We decided to implement a separate, isolated microservice to handle customer database interactions. The Fast Interoperable Data Orchestrator, or, FIDO for short, will handle all customer database interactions, maintaining persistent SSH tunnels and persistent database sessions (for those databases that support them).
What is FIDO? A sharded, multi-tenant microservice with lightweight clustering that manages database connections to registered datasources and coordinates scaling of connection pools and responds to requests for analytic and data sharing queries. The application internally routes to the appropriate shard, with each instance of the application providing an HTTP interface for querying and forwarding requests to the appropriate cluster member that maintains shard state for a requested datasource connection.
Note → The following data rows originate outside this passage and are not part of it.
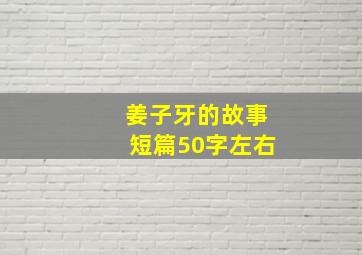 姜子牙的故事短篇50字左右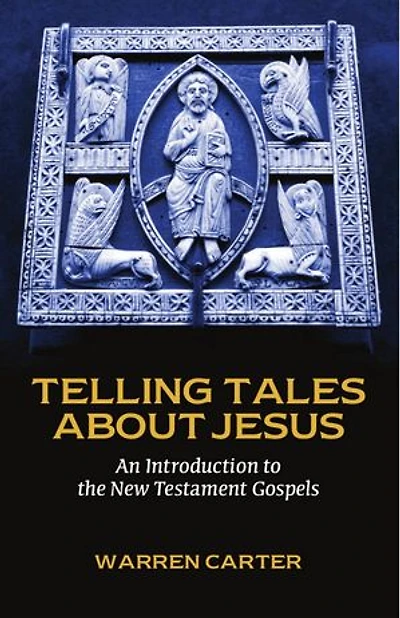 Telling Tales about Jesus: An Introduction to the New Testament Gospels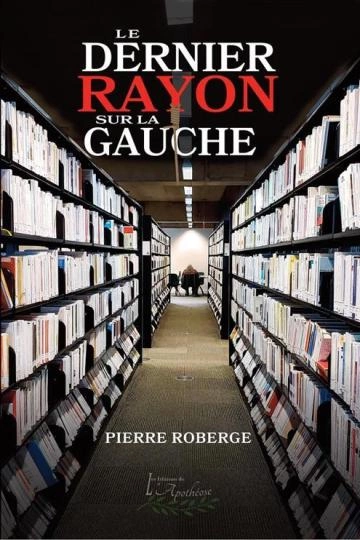 Le Dernier rayon sur la gauche - PIERRE ROBERGE  [Livres]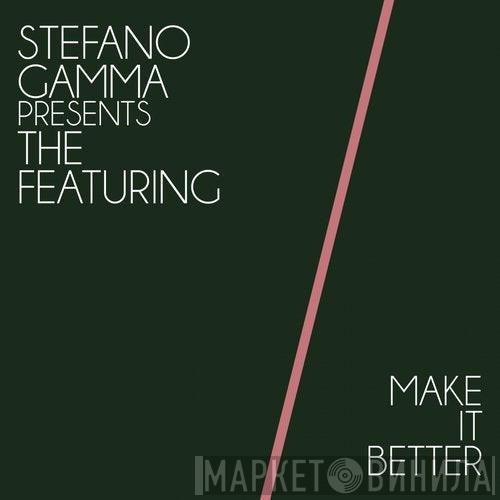 Presents Stefano Gamma  The Featuring  - Make It Better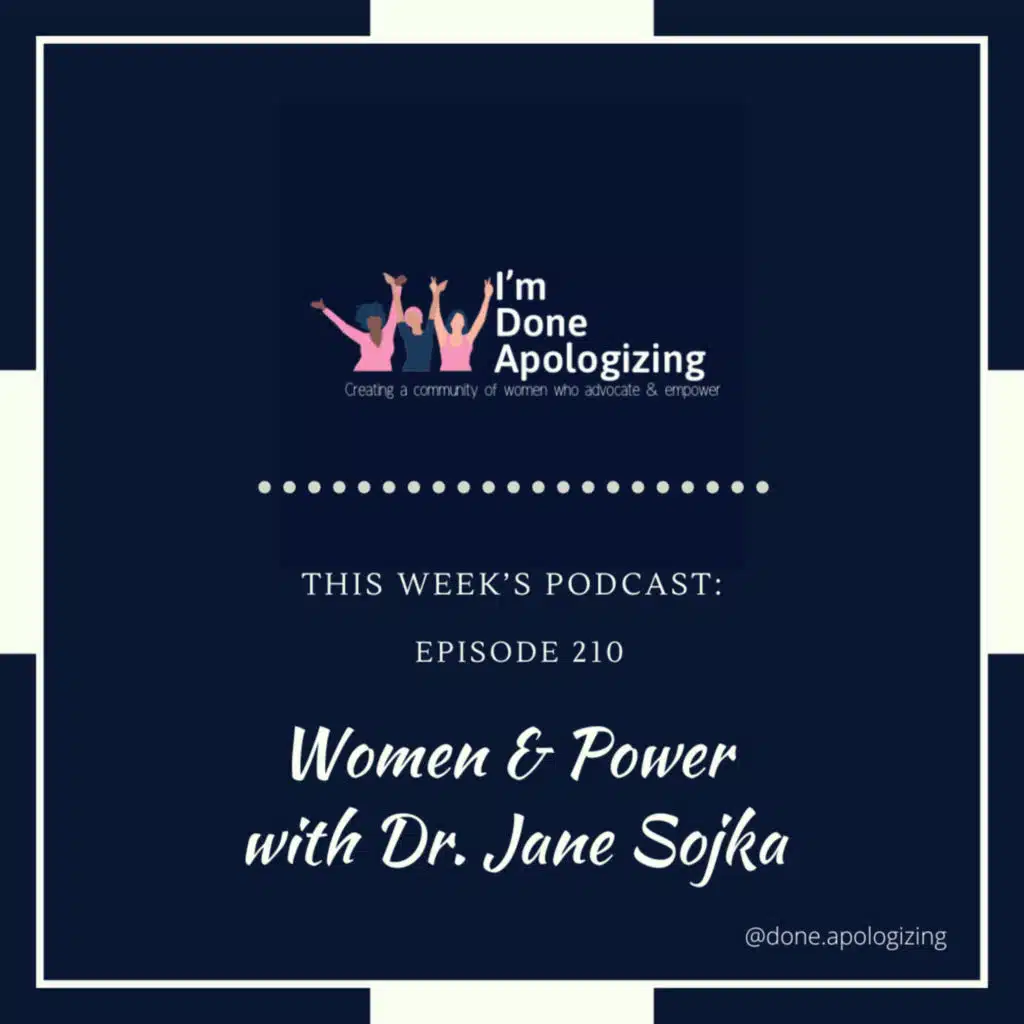 Ep. 210-Women & Power with Dr. Jane Sojka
A FIDO installation is registered on a per Explo account basis. Customers who desire to or need to for architecture or regulatory reasons can maintain their own FIDO installation, registered with Explo’s cloud application. This application topology allows us to provide the complete cloud Explo experience without our customer’s data ever passing through infrastructure that they do not host themselves. Explo also will maintain a set of FIDO installations in common geographic regions, further decreasing customer latency by placing compute close to end users (and the backing data sources).
How is it going? For nearly all data sources, we can shorten query times by up to 5 seconds, depending on geographic location and SSH bastion constraints. That is often the difference between a reasonable user experience on a BI dashboard or analytics report and severe user frustration.
We’re thrilled to soon onboard new and existing customers onto FIDO.